Collected data START

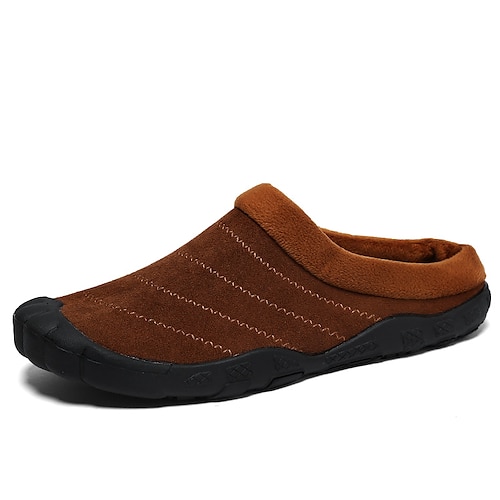 

Men's Slippers & Flip-Flops Warm Slippers Fleece Slippers Casual Daily Faux Leather Light Brown Dark Brown Black Winter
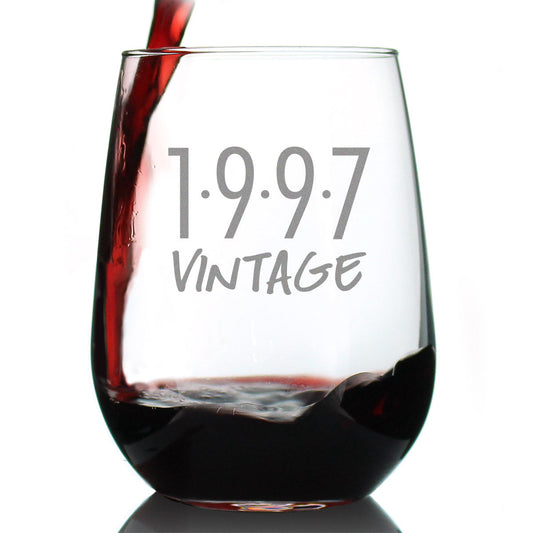 Vintage 1997 - 28th Birthday Stemless Wine Glass Gifts for Women & Men Turning 28 - Bday Party Decor - Large Glasses
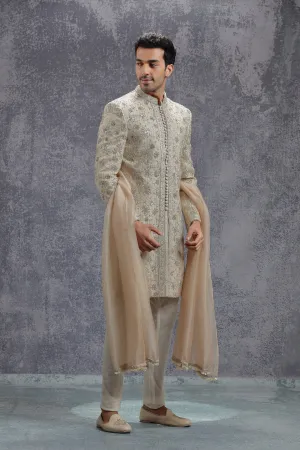 Beige Sherwani Set with Zardosi, Resham and Sequins Work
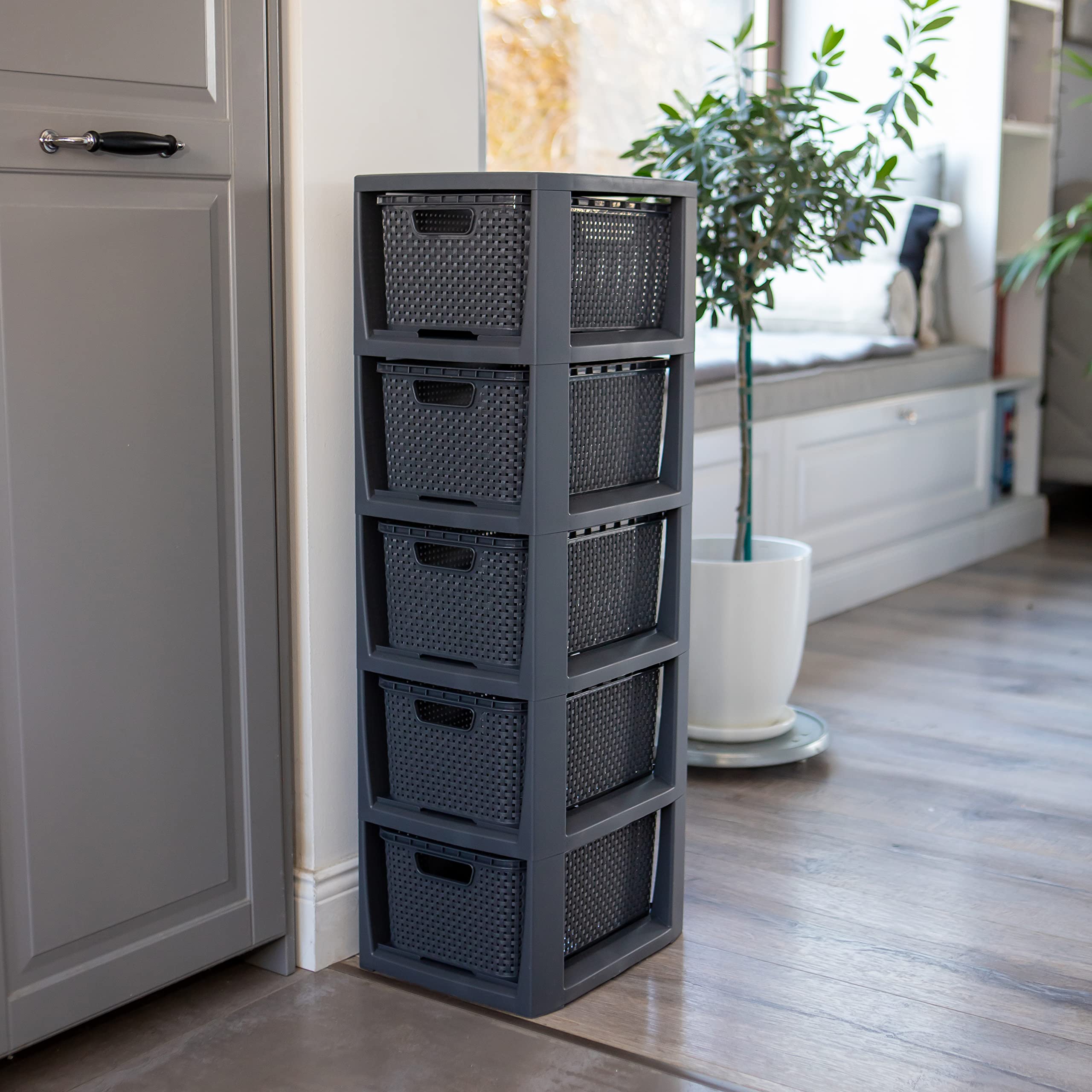 BranQ - Home essential 100% recycelt Kunststoff PP, Ökologisch, Regal in Rattan Design, Anthrazit, 5 Körben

Collected data END

### Your goal
Before you return the listing, strip out its pictures; all else must match exactly.

### Completed exercise
Men's Slippers & Flip-Flops Warm Slippers Fleece Slippers Casual Daily Faux Leather Light Brown Dark Brown Black Winter
 Vintage 1997 - 28th Birthday Stemless Wine Glass Gifts for Women & Men Turning 28 - Bday Party Decor - Large Glasses
 Beige Sherwani Set with Zardosi, Resham and Sequins Work
 BranQ - Home essential 100% recycelt Kunststoff PP, Ökologisch, Regal in Rattan Design, Anthrazit, 5 Körben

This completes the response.